Les négationnistes ont utilisé cette histoire afin de prétendre que la chambre à gaz d’Auschwitz I présentée au public n’était pas «authentique». C’est évidemment un argument frauduleux, dans la mesure où, contrairement à la cheminée ou aux fours, la pièce en question est bien la pièce d’origine, malgré les modifications successives dont elle a fait l’objet depuis 1943.

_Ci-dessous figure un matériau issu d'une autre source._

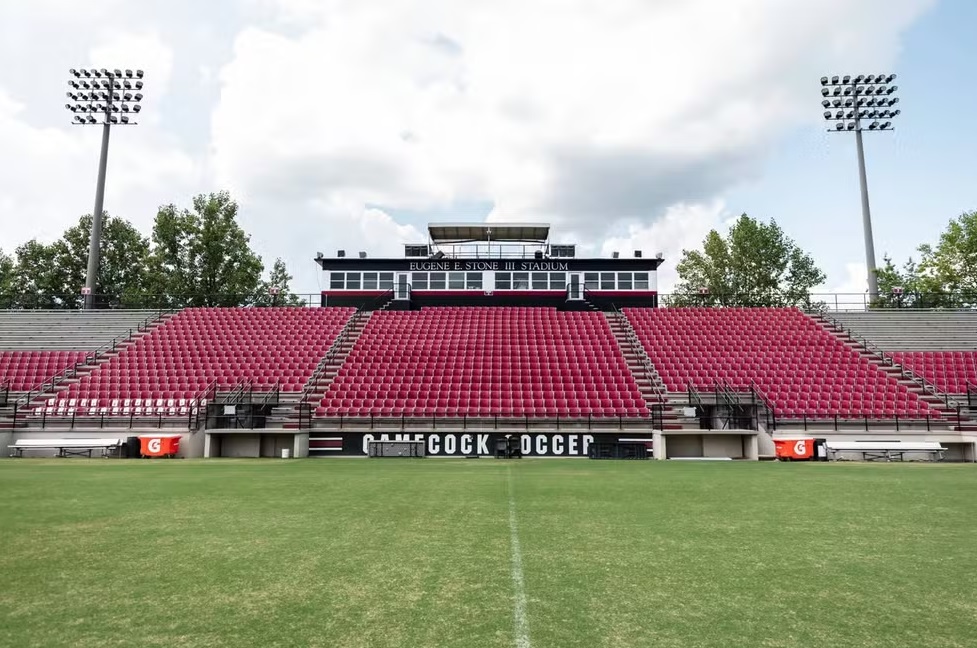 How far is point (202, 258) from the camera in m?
56.5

A cette fin, ils ont notamment falsifié et détourné les propos du directeur du Musée d’Auschwitz ainsi qu’un article de Éric Conan paru dans L’Express du 19 janvier 1995 qui dénonçait les erreurs et approximations soviético-polonaises, mais évidemment ne remettait absolument pas en cause la réalité de la chambre à gaz du Krema I, les meurtres qui y furent perpétrés, et encore moins les chambres à gaz de Birkenau où la majorité des assassinats avait été accomplie. L’ironie est que Éric Conan dénonçait la façon dont les négationnistes avaient utilisé les erreurs des modifications communistes. Voici ce qu’il écrivait:

«En 1948, lors de la création du musée, le crématoire-I fut reconstitué dans un état d’origine supposé. Tout y est faux: les dimensions de la chambre à gaz, l’emplacement des portes, les ouvertures pour le versement du Zyklon B, les fours, rebâtis selon les souvenirs de quelques survivants, la hauteur de la cheminée. A la fin des années 70, Robert Faurisson exploita d’autant mieux ces falsifications que les responsables du musée rechignaient alors à les reconnaître.»

Éric Conan commettait une erreur à propos des orifices (ce qu’on ne saurait lui reprocher, la preuve en ayant été apportée dans une étude publiée seulement en 2004 — voir la bibliographie plus bas). Par ailleurs Éric Conan émet un jugement injuste et non étayé en parlant de «falsifications». Il n’y a jamais eu intention de tromper de la part des autorités du musée, mais simplement embarras et irresponsabilité consistant à ne pas assumer, et rectifier, des erreurs commises peu après la guerre. Il demeure, cependant que les négationnistes se sont emparés de la formule à l’emporte pièce, toute journalistique et aussi malheureuse qu’erronée «tout y est faux» d’un Éric Conan bien mal inspiré. Les négationnistes ont cité l’article d’Éric Conan en donnant le seul segment de phrase «Tout y est faux», et en oubliant le reste de l’article, camouflant que ce qu’Éric Conan qualifiait de faux c’était les détails de la reconstitution du crématoire dans son ensemble et non la chambre à gaz elle-même, et qu’évidemment Éric Conan ne remettait nullement en cause l’utilisation de cette pièce pour assassiner des êtres humains par gazage. Certains négationnistes vont jusqu’à prétendre que la chambre à gaz a été construite après la guerre. C’est évidemment un mensonge au premier degré.